Announcing the investigation yesterday in Brussels, EU Competition Commissioner Joaquin Almunia strongly defended his division’s right to examine the tax arrangements of member states.

“Of course tax issues are an EU issue,” he said, listing a number of precedents to the latest anti-trust case, some of which resulted in countries having to recoup the money from companies. It was the EU’s job to make sure that citizens are offered a fair tax system, he said.

The commission stressed that the anti-trust investigation had no bearing on member states’ corporate tax rates or regimes.

Further, EU competition rules actually allow countries to offer special tax incentives or rulings in certain economic cases. It is only if tax rulings are deemed to provide selective advantages to a specific company or group of companies that they may be in breach of EU state aid rules.

The ambiguities have raised suspicions in some quarters that the EC – essentially the civil service of the EU – is involving itself in matters that fall outside its remit.

Aggressive tax planning has become a hot political issue since allegations of profit-shifting by US multinationals operating in Europe surfaced more than a year ago.

The fact that the recent trend in many EU countries, from Lithuania to Britain, has been to gradually lower corporate tax rates, has also lessened the pressure on Ireland to tackle its 12.5 per cent rate. The focus is now turning to specific tax incentives entered into by member states with companies that indirectly allows multinationals to lower their tax bills.

Ireland has vowed to “vigorously defend” its tax regime in the face of the investigation. “Ireland is confident that there is no State aid rule breach in this case and we will defend all aspects vigorously,” a Department of Finance spokesman said yesterday.

It is also prepared to fight the case in the European Court of Justice should the commission rule against Ireland.

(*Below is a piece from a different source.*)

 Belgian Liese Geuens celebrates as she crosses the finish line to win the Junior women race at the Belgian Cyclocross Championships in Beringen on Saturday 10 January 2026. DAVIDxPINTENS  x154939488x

With the investigation potentially causing serious reputational damage to Ireland, Dublin will be hoping that it will be concluded within the next six to 12 months.

Many believe this is wishful thinking, given that EU anti-trust cases can run for years. The appointment of a new commissioner later this year may also delay things. Mr Almunia yesterday rejected the suggestion that the investigation could lose momentum when he goes in October.

“The day after I leave, my successor will continue with investigations that are on-going. The services of the commission will not stop . . . because their boss will change.”

While Ireland considers the impact on its reputation as a location for foreign direct investment, yesterday’s announcement may also feed into the increasingly divisive debate about the appointment of the next European Commission president.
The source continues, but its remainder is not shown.